**TASK DESCRIPTION:** Starting at the line that contains "Best Places to Visit in Coorg", reproduce only the lines through the end of the data, exactly, including both the first and the last; skip the pictures.

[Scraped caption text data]

━━━━━━━━━━━━━━━━━━━━━━━━━━━━━━

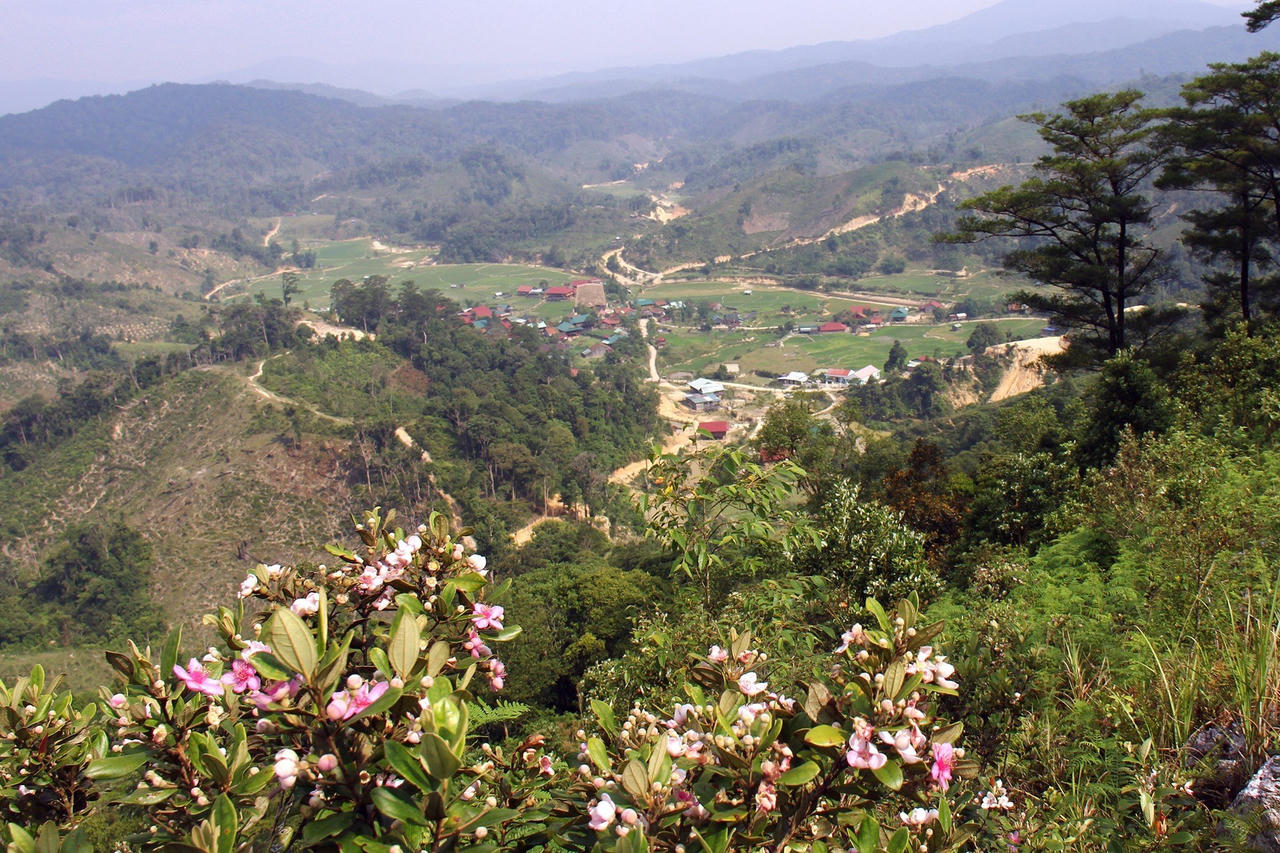 Làng cổ Vi Rơ Ngheo - 'Thiên đường hoa' bồng bềnh giữa biển sương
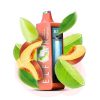 Elfbar Planet 25000 Puffs Disposable Vape Double Peach Lime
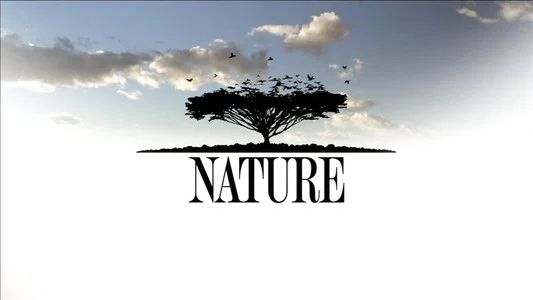 Foto de Nature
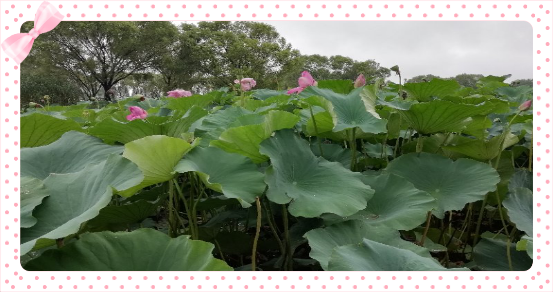 1531811598171907.png 图片4.png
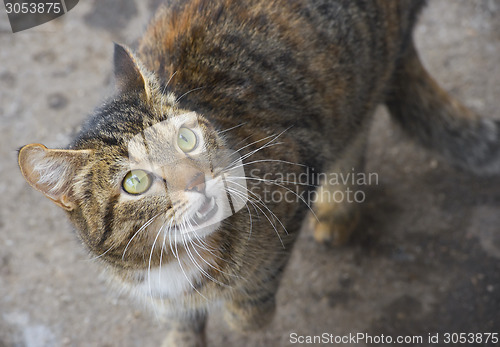 Image of Cat meaw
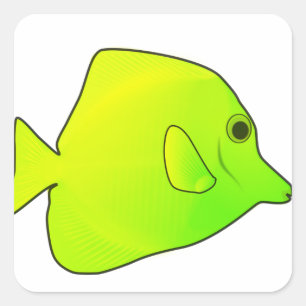 Adesivo Quadrado Peixe-Vara Quadrado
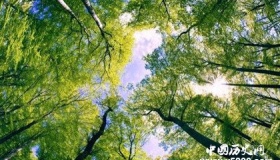 2019三伏天从什么时候开始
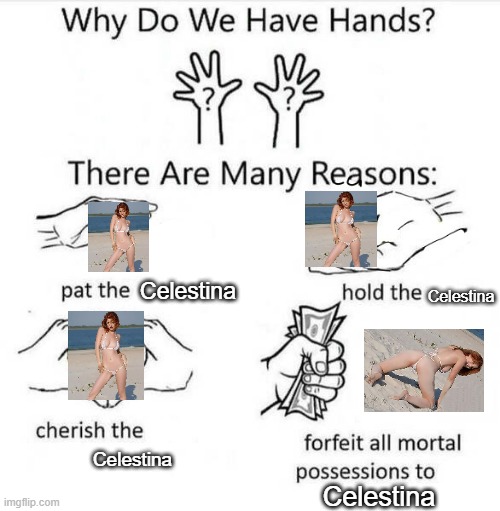 Why Do We Have Hands? | Celestina; Celestina; Celestina; Celestina | image tagged in why do we have hands | made w/ Imgflip meme maker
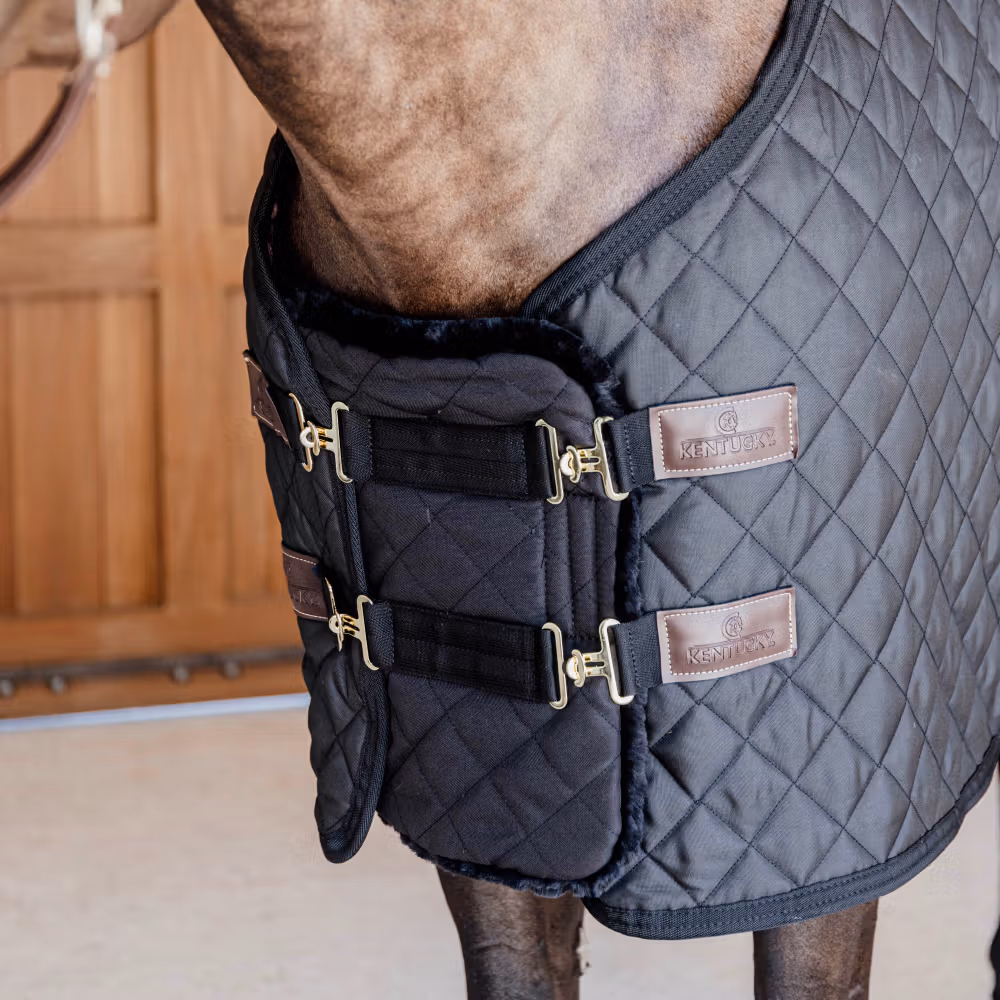 Chest expander quilted with sheepskin 2 buckles black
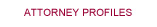 Attorney Profiles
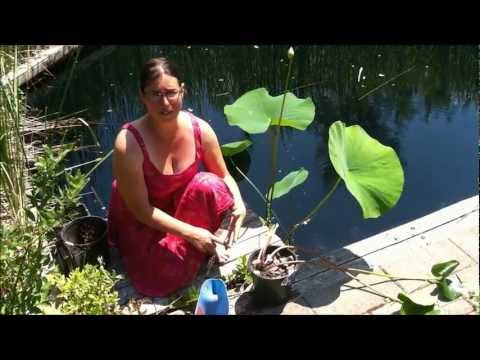 how to fertilize pond plants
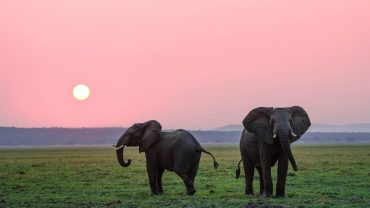 Best Places to Visit in Coorg
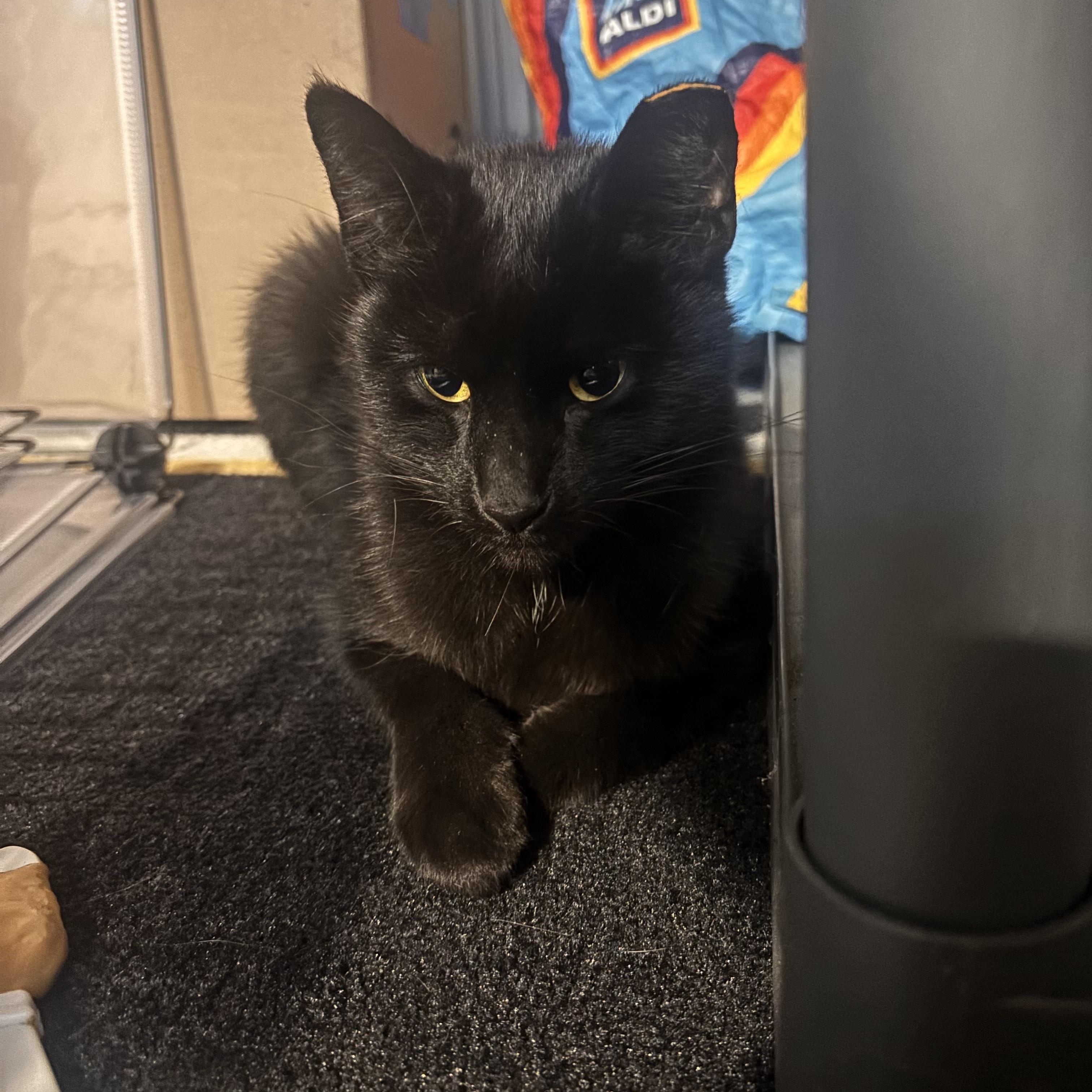 Enlarge Matcha, a Adoptable American Shorthair in Shaker Heights, OH image 2/4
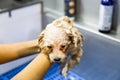 Cute tiny poodle puppy dog being showered on a bath basin Royalty Free Stock Photo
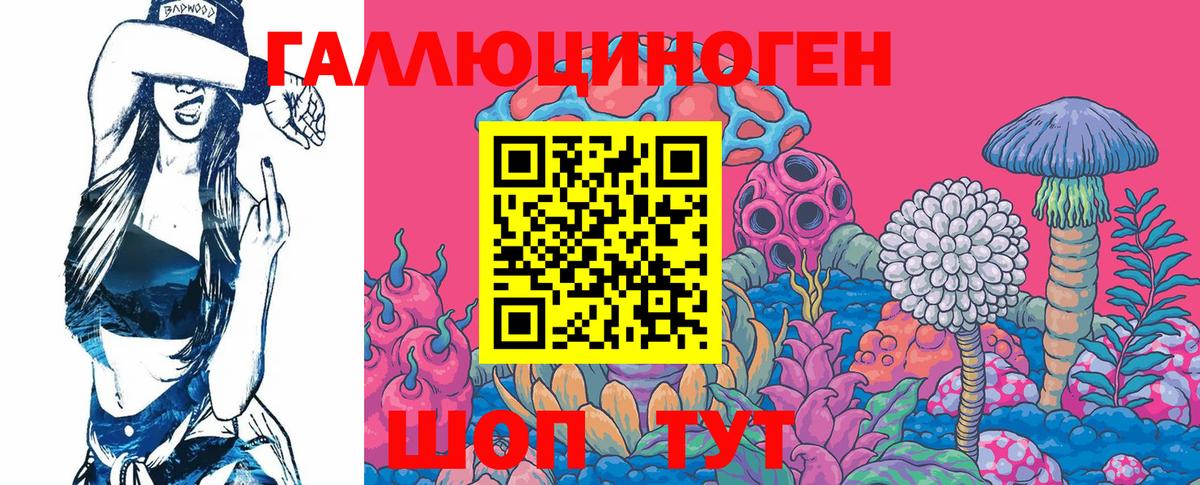 Галлюциногенные грибы Psilocybine cubensis  Вход с VPN  Белогорск 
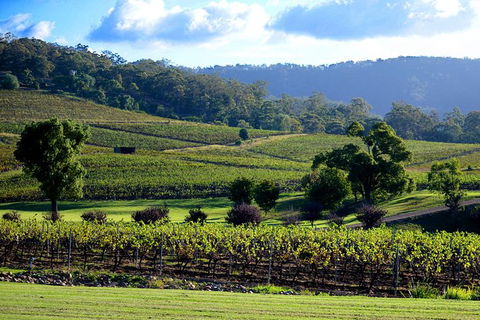 Ivanhoe Wines: Trip Advisor Seated Wine Tasting Masterclass - Accommodation Bookings 4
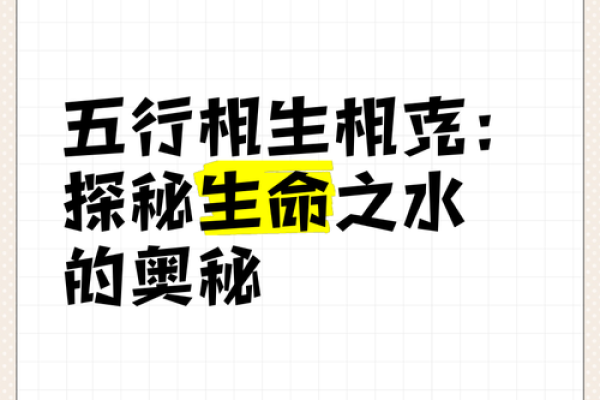 葵水命与其他命理的完美结合：寻找生命的平衡与和谐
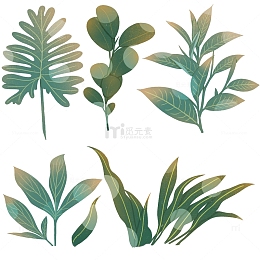 绿扁平风植物树叶子青草春夏天梦幻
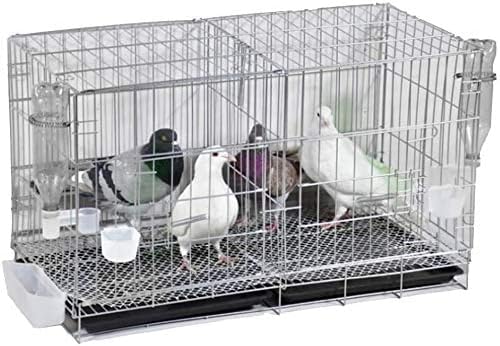 Professioneller Vogelkäfig, Haustierbedarf, Vogelträger, Gartendekoration, Sittichkäfige für 1 Vogel, kleiner Eisen-Vogelkäfig, Papageienkäfig, Papageienliebe, Vogel, Eichhörnchenkäfig, 5 Arten von Professioneller Vogelkäfig, Haustierbedarf, Vogelträger, Gartendekoration, Sittichkäfige für 1 Vogel, kleiner Eisen-Vogelkäfig, Papageienkäfig, Papageienliebe, Vogel, Eichhörnchenkäfig, 5 Arten von von JKSVTF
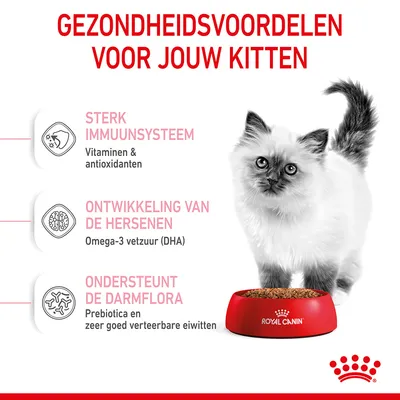 Gezondheidsvoordelen voor jouw kitten: sterk immuunsysteem (vitaminen & antioxidanten), ontwikkeling van de hersenen (omega-3 vetzuur DHA), ondersteunt de darmflora (prebiotica, eiwitten).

━━━━━━━━━━━━━━━━━━━━━━━━━━━━━━

**WRITTEN RESPONSE:**
 Best Places to Visit in Coorg
 Enlarge Matcha, a Adoptable American Shorthair in Shaker Heights, OH image 2/4
 Cute tiny poodle puppy dog being showered on a bath basin Royalty Free Stock Photo
 Галлюциногенные грибы Psilocybine cubensis  Вход с VPN  Белогорск 
 Ivanhoe Wines: Trip Advisor Seated Wine Tasting Masterclass - Accommodation Bookings 4
 葵水命与其他命理的完美结合：寻找生命的平衡与和谐
 绿扁平风植物树叶子青草春夏天梦幻
 Professioneller Vogelkäfig, Haustierbedarf, Vogelträger, Gartendekoration, Sittichkäfige für 1 Vogel, kleiner Eisen-Vogelkäfig, Papageienkäfig, Papageienliebe, Vogel, Eichhörnchenkäfig, 5 Arten von Professioneller Vogelkäfig, Haustierbedarf, Vogelträger, Gartendekoration, Sittichkäfige für 1 Vogel, kleiner Eisen-Vogelkäfig, Papageienkäfig, Papageienliebe, Vogel, Eichhörnchenkäfig, 5 Arten von von JKSVTF
 Gezondheidsvoordelen voor jouw kitten: sterk immuunsysteem (vitaminen & antioxidanten), ontwikkeling van de hersenen (omega-3 vetzuur DHA), ondersteunt de darmflora (prebiotica, eiwitten).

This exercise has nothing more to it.